Susan Bloch, a law professor at Georgetown University, says Michigan’s new wave of “friend of the court” briefs “are meaningful, but I don’t think they are controlling at all. They indicate that many segments of society accept the Michigan policies, and it’s the way the country is moving. Some justices will be more than happy to go against that, but I think the middle justices will pay attention,” to the sentiment expressed in the briefs.

In another strategic move, Michigan will address the court with a newly added attorney, Maureen Mahoney, an experienced Supreme Court litigator who has argued 11 cases before the court and won 10 of them. She will join John Payton, who argued Michigan’s cases on the district and federal circuit court levels.

The addition of Mahoney will add legal firepower and expertise, but Michigan plans “no sort of fundamental changes to our strategy,” Krislov says. “But obviously we want to keep abreast of any current developments or any new claims our opponents and their amici are making.”

‘Fundamentally Flawed’

President George W. Bush in mid-January called the University of Michigan’s admissions policies “fundamentally flawed,” and said that although he strongly supports diversity of all kinds, including racial diversity in higher education, “the Michigan policies amount to a quota system that unfairly rewards or penalizes perspective students, based solely on their race.”

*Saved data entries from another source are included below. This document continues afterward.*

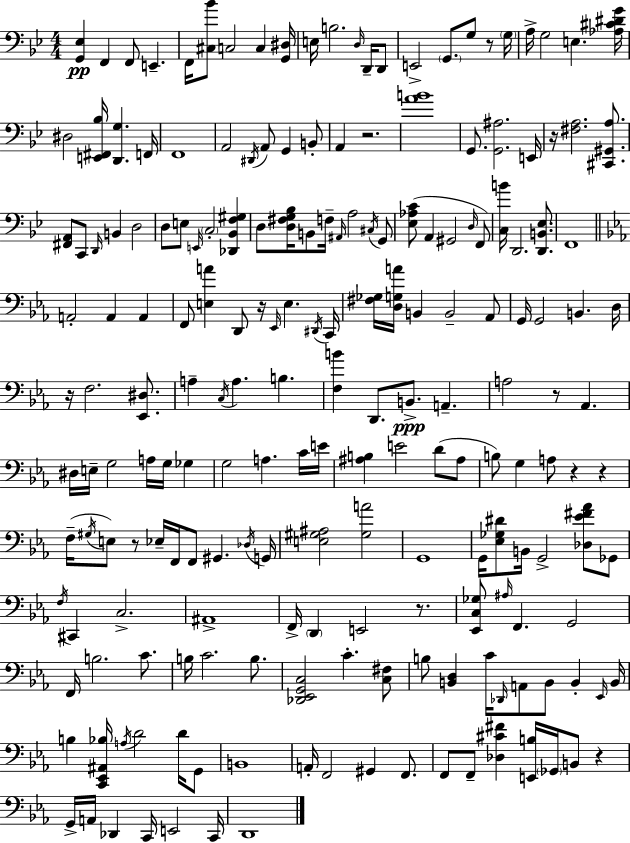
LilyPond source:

{
  \clef bass
  \numericTimeSignature
  \time 4/4
  \key bes \major
  \repeat volta 2 { <g, ees>4\pp f,4 f,8 e,4.-- | f,16 <cis bes'>8 c2 c4 <g, dis>16 | e16 b2. \grace { d16 } d,16-- d,8 | e,2-> \parenthesize g,8. g8 r8 | \break \parenthesize g16 a16-> g2 e4. | <aes cis' dis' g'>16 dis2 <e, fis, bes>16 <d, g>4. | f,16 f,1 | a,2 \acciaccatura { dis,16 } a,8 g,4 | \break b,8-. a,4 r2. | <a' b'>1 | g,8. <g, ais>2. | e,16 r16 <fis a>2. <cis, gis, a>8. | \break <fis, a,>8 c,8 \grace { d,16 } b,4 d2 | d8 e8 \grace { e,16 } \parenthesize c2-. | <des, bes, f gis>4 d8 <d fis g bes>16 b,8 f16-- \grace { ais,16 } a2 | \acciaccatura { cis16 } g,8 <ees aes c'>8( a,4 gis,2 | \break \grace { d16 }) f,8 <c b'>16 d,2. | <d, b, ees>8. f,1 | \bar "||" \break \key ees \major a,2-. a,4 a,4 | f,8 <e a'>4 d,8 r16 \grace { ees,16 } e4. | \acciaccatura { dis,16 } c,16 <fis ges>16 <d g a'>16 b,4 b,2-- | aes,8 g,16 g,2 b,4. | \break d16 r16 f2. <ees, dis>8. | a4-- \acciaccatura { c16 } a4. b4. | <f b'>4 d,8. b,8.->\ppp a,4.-- | a2 r8 aes,4. | \break dis16 e16-- g2 a16 g16 ges4 | g2 a4. | c'16 e'16 <ais b>4 e'2 d'8( | ais8 b8) g4 a8 r4 r4 | \break f16--( \acciaccatura { gis16 } e8) r8 ees16-- f,16 f,8 gis,4. | \acciaccatura { des16 } g,16 <e gis ais>2 <gis a'>2 | g,1 | g,16 <ees ges dis'>8 b,16 g,2-> | \break <des ees' fis' aes'>8 ges,8 \acciaccatura { f16 } cis,4 c2.-> | ais,1-> | f,16-> \parenthesize d,4 e,2 | r8. <ees, c ges>8 \grace { ais16 } f,4. g,2 | \break f,16 b2. | c'8. b16 c'2. | b8. <des, ees, g, c>2 c'4.-. | <c fis>8 b8 <b, d>4 c'16 \grace { des,16 } a,8 | \break b,8 b,4-. \grace { ees,16 } b,16 b4 <c, ees, ais, bes>16 \acciaccatura { a16 } d'2 | d'16 g,8 b,1 | a,16-. f,2 | gis,4 f,8. f,8 f,8-- <des cis' fis'>4 | \break <e, b>16 \parenthesize ges,16 b,8 r4 g,16-> a,16 des,4 | c,16 e,2 c,16 d,1 | } \bar "|."
}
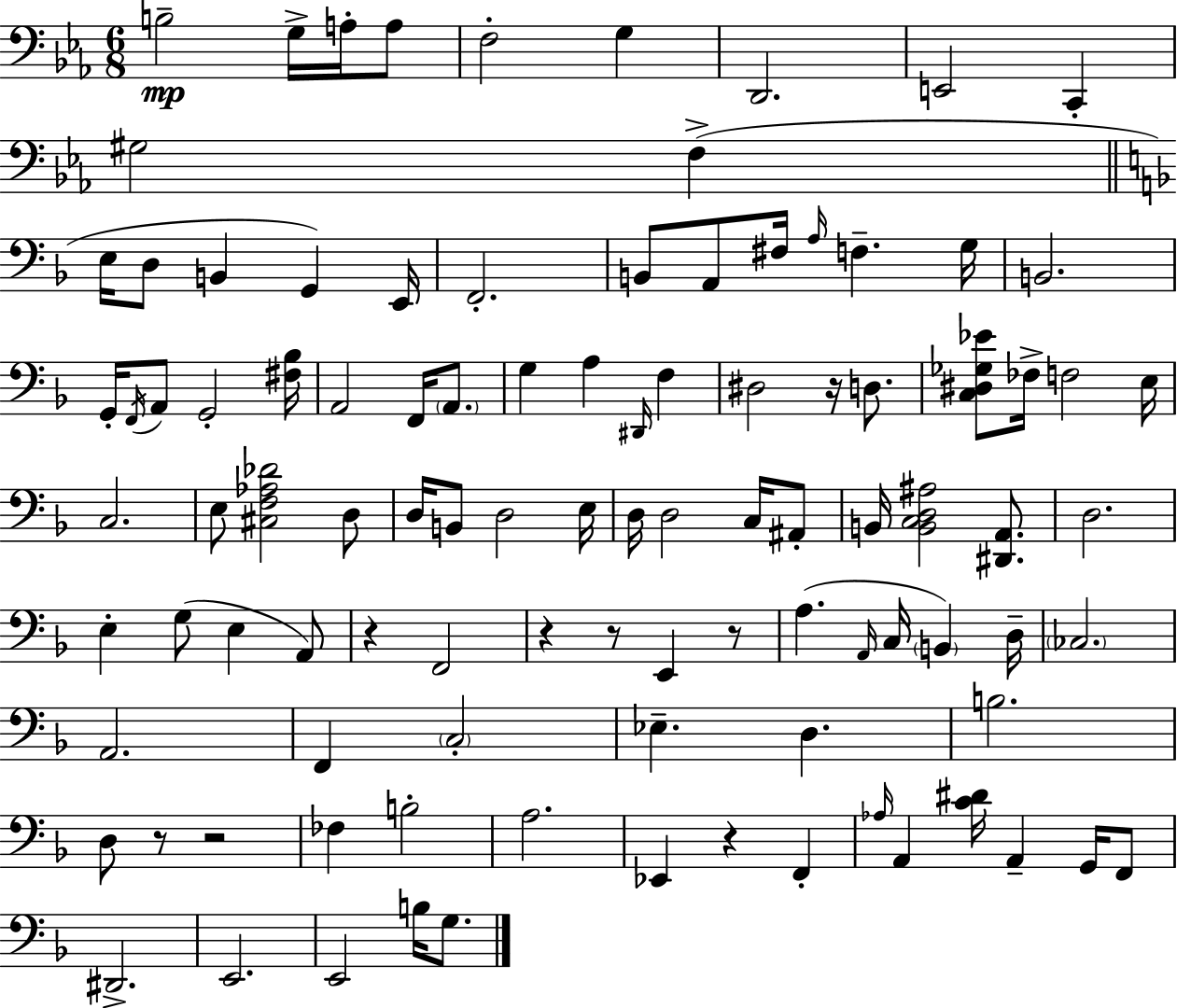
B3/h G3/s A3/s A3/e F3/h G3/q D2/h. E2/h C2/q G#3/h F3/q E3/s D3/e B2/q G2/q E2/s F2/h. B2/e A2/e F#3/s A3/s F3/q. G3/s B2/h. G2/s F2/s A2/e G2/h [F#3,Bb3]/s A2/h F2/s A2/e. G3/q A3/q D#2/s F3/q D#3/h R/s D3/e. [C3,D#3,Gb3,Eb4]/e FES3/s F3/h E3/s C3/h. E3/e [C#3,F3,Ab3,Db4]/h D3/e D3/s B2/e D3/h E3/s D3/s D3/h C3/s A#2/e B2/s [B2,C3,D3,A#3]/h [D#2,A2]/e. D3/h. E3/q G3/e E3/q A2/e R/q F2/h R/q R/e E2/q R/e A3/q. A2/s C3/s B2/q D3/s CES3/h. A2/h. F2/q C3/h Eb3/q. D3/q. B3/h. D3/e R/e R/h FES3/q B3/h A3/h. Eb2/q R/q F2/q Ab3/s A2/q [C4,D#4]/s A2/q G2/s F2/e D#2/h. E2/h. E2/h B3/s G3/e.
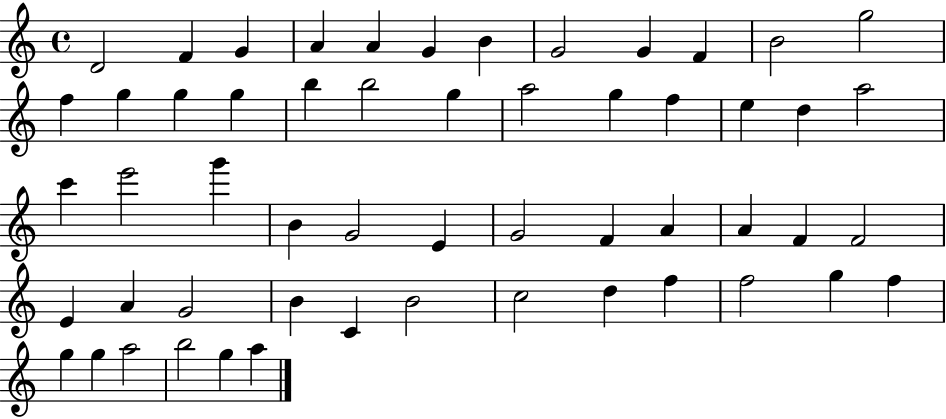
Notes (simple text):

D4/h F4/q G4/q A4/q A4/q G4/q B4/q G4/h G4/q F4/q B4/h G5/h F5/q G5/q G5/q G5/q B5/q B5/h G5/q A5/h G5/q F5/q E5/q D5/q A5/h C6/q E6/h G6/q B4/q G4/h E4/q G4/h F4/q A4/q A4/q F4/q F4/h E4/q A4/q G4/h B4/q C4/q B4/h C5/h D5/q F5/q F5/h G5/q F5/q G5/q G5/q A5/h B5/h G5/q A5/q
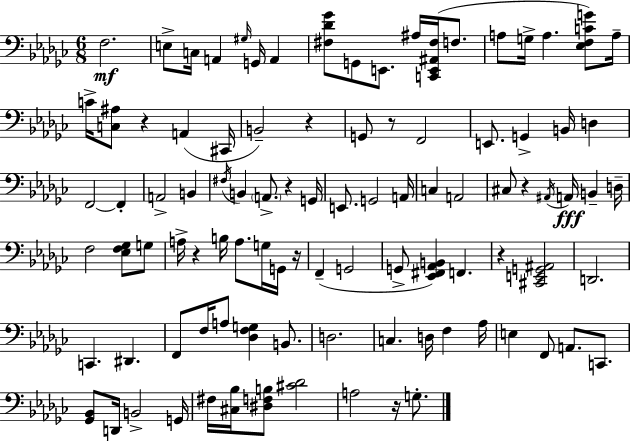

U.S. Solicitor General Theodore B. Olson and other critics of Michigan’s admissions policies reportedly were unhappy that Bush’s briefs and his comments to the nation did not go far enough, because the president did not ask the court to overturn the landmark 1978 Bakke v. Regents of University of California case, which struck down quotas but permitted the use of race as a factor in admissions.

Bush’s views on the Michigan case might be amplified in person before the Supreme Court. Olson, acting as Bush’s agent this month, requested to speak before the court for 10 minutes during oral arguments to expand Bush’s views.

Olson, while in private practice, was hired by two of the four White plaintiffs in a case filed in 1992 against the University of Texas School of Law. Arguing before the U.S. 5th Circuit Court of Appeals in New Orleans, Olson contended that achieving diversity did not justify using race as a factor in admissions. In 1996, the court agreed, and ruled the admissions policy unconstitutional.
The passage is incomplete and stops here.